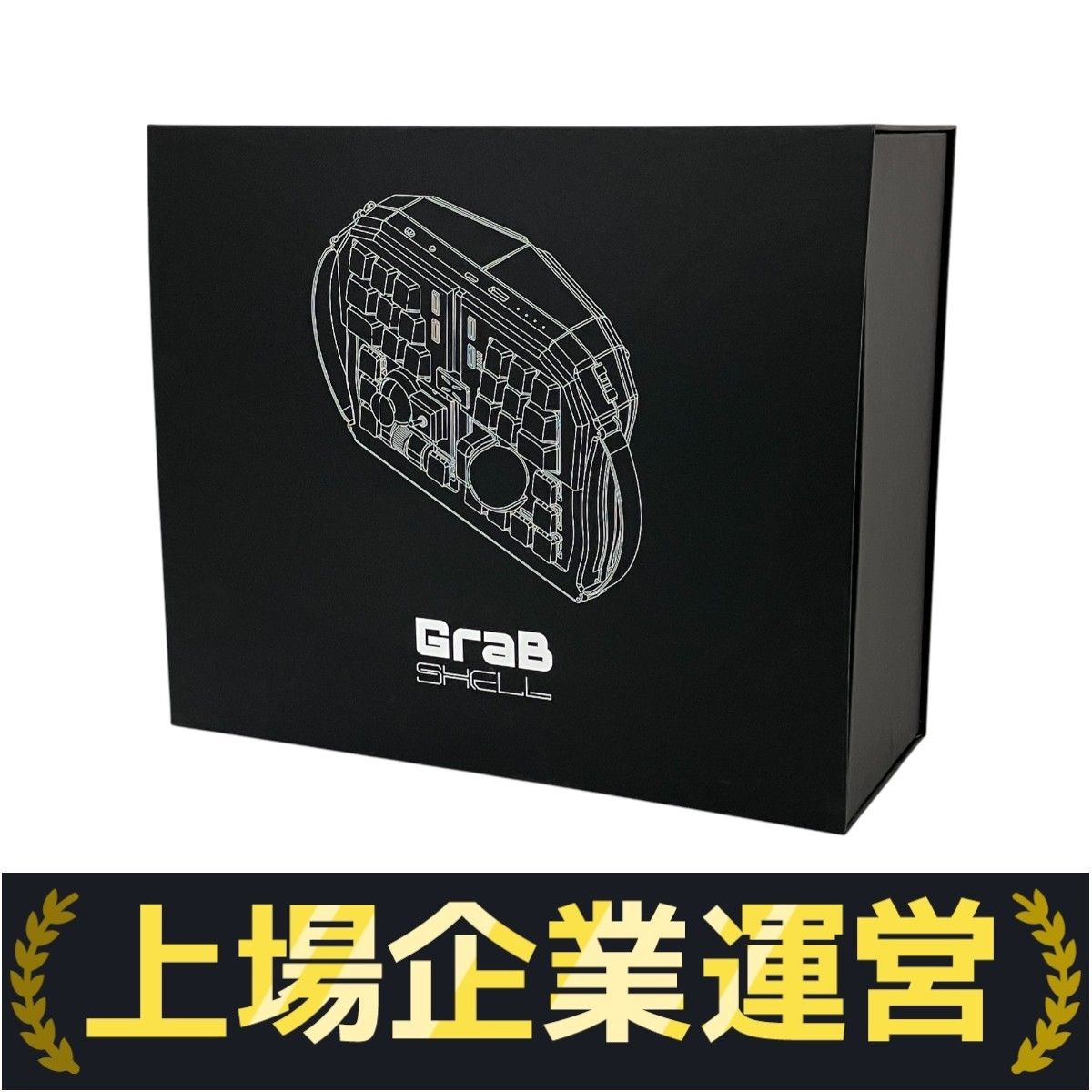 dotBravo GrabShell M1 変形キーボード PC Y10250378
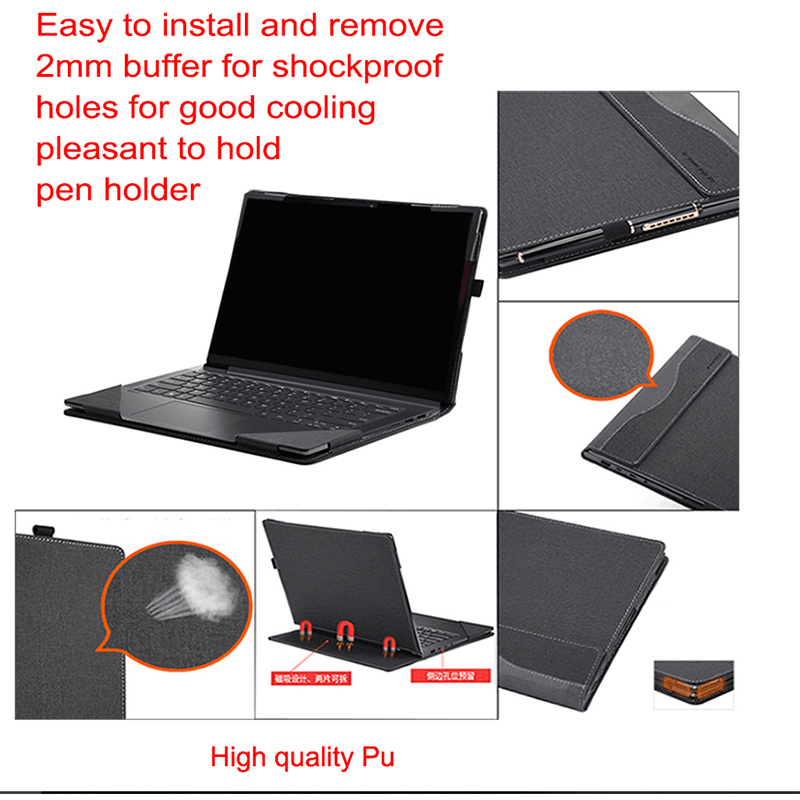 Laptop Case voor ASUS VivoBook - Laptop Sleeve Removable recensie en prijs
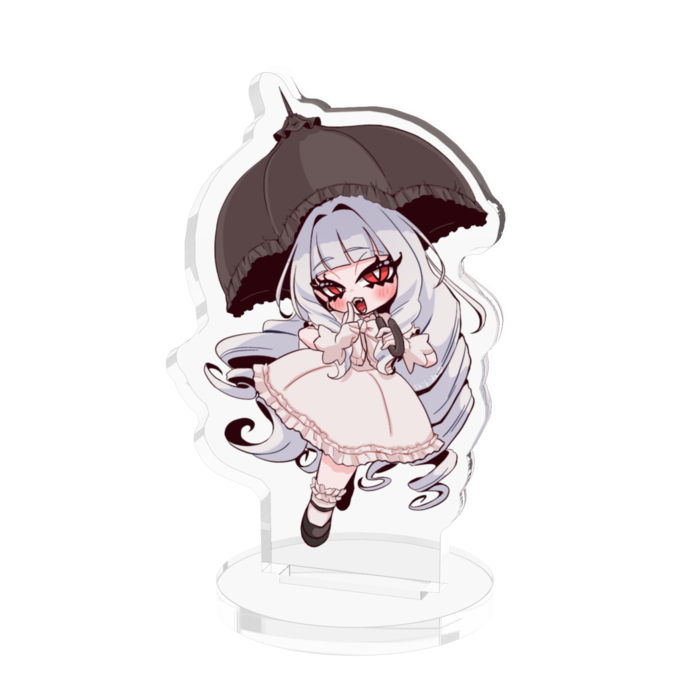 アクリルフィギュア - 50x50mm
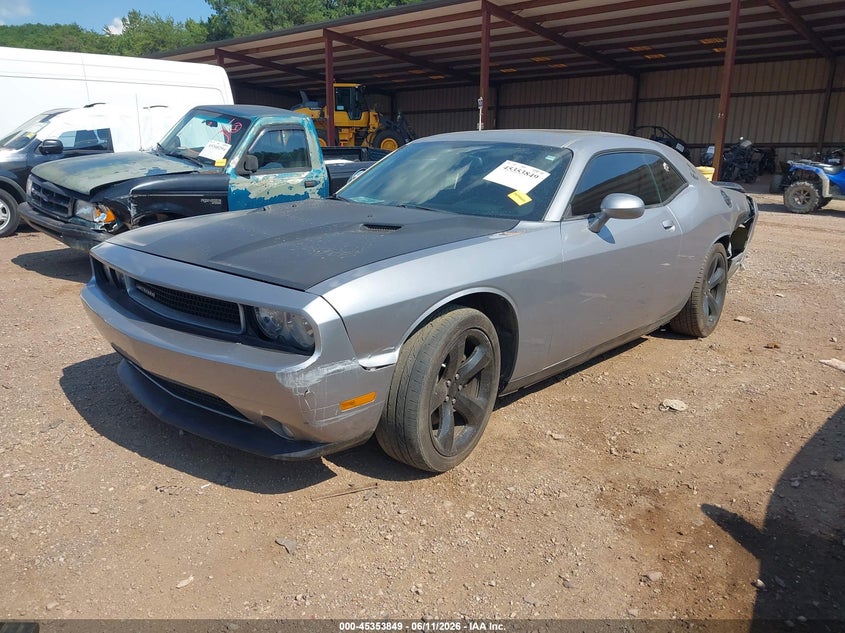 Vin: 2c3cdyag3dh650751, lot: 45851796, dodge challenger sxt plus 20132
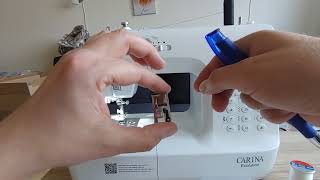 Carina Evolution - Uncut - 15.2 - Gemischte Programmierung - UT einschalten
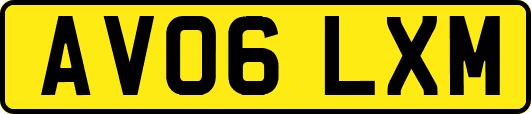 AV06LXM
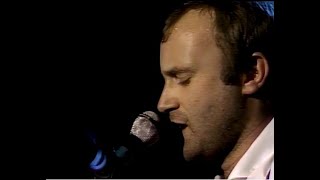 PHIL COLLINS - You know what I mean (live in Philadelphia, 10/12/1982 - Early Show)
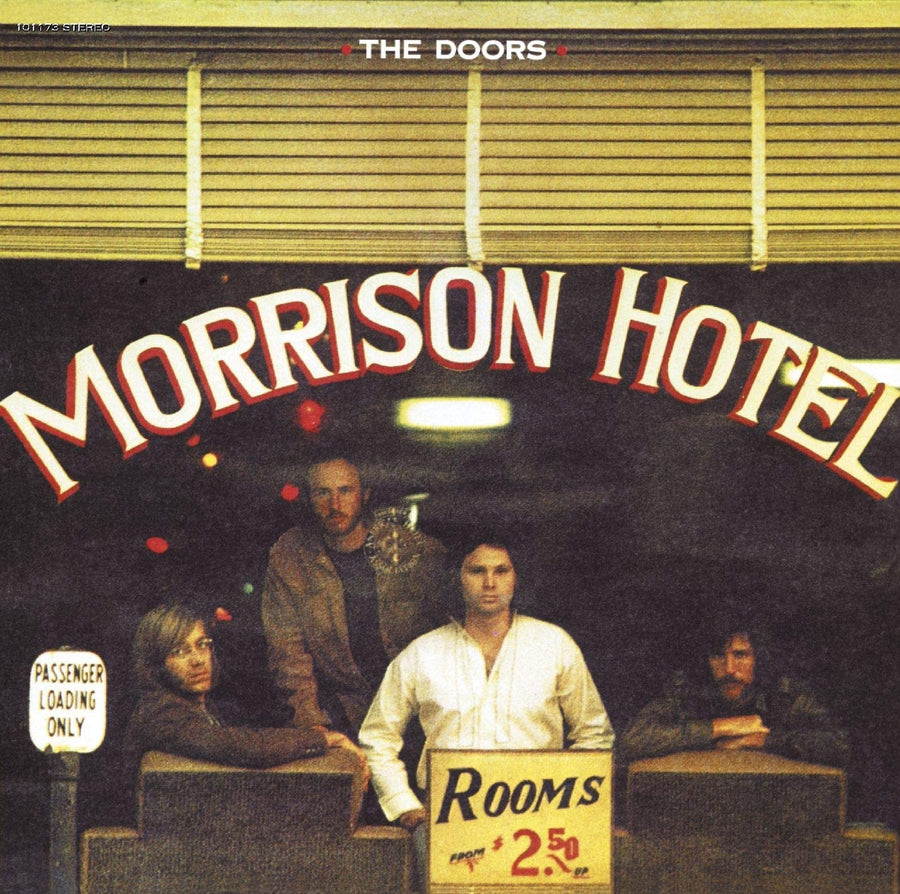 Morrison Hotel (50th Anniversary Deluxe Edition)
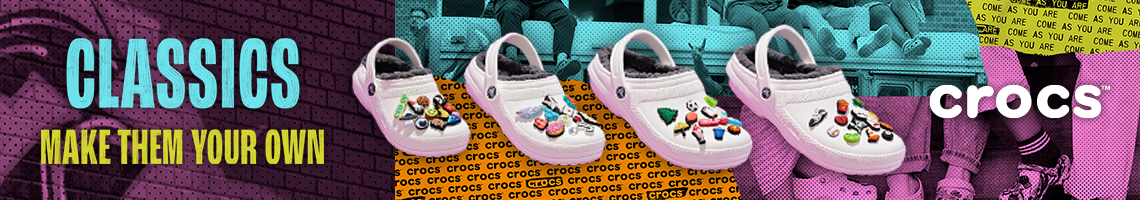 heely crocs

--*--

**WORK ITEM:** Transcribe each record exactly as it stands, setting aside any pictures.

**YOUR RESPONSE:**
 dotBravo GrabShell M1 変形キーボード PC Y10250378
 Laptop Case voor ASUS VivoBook - Laptop Sleeve Removable recensie en prijs
 アクリルフィギュア - 50x50mm
 Vin: 2c3cdyag3dh650751, lot: 45851796, dodge challenger sxt plus 20132
 Carina Evolution - Uncut - 15.2 - Gemischte Programmierung - UT einschalten
 AV06LXM
 PHIL COLLINS - You know what I mean (live in Philadelphia, 10/12/1982 - Early Show)
 Morrison Hotel (50th Anniversary Deluxe Edition)
 heely crocs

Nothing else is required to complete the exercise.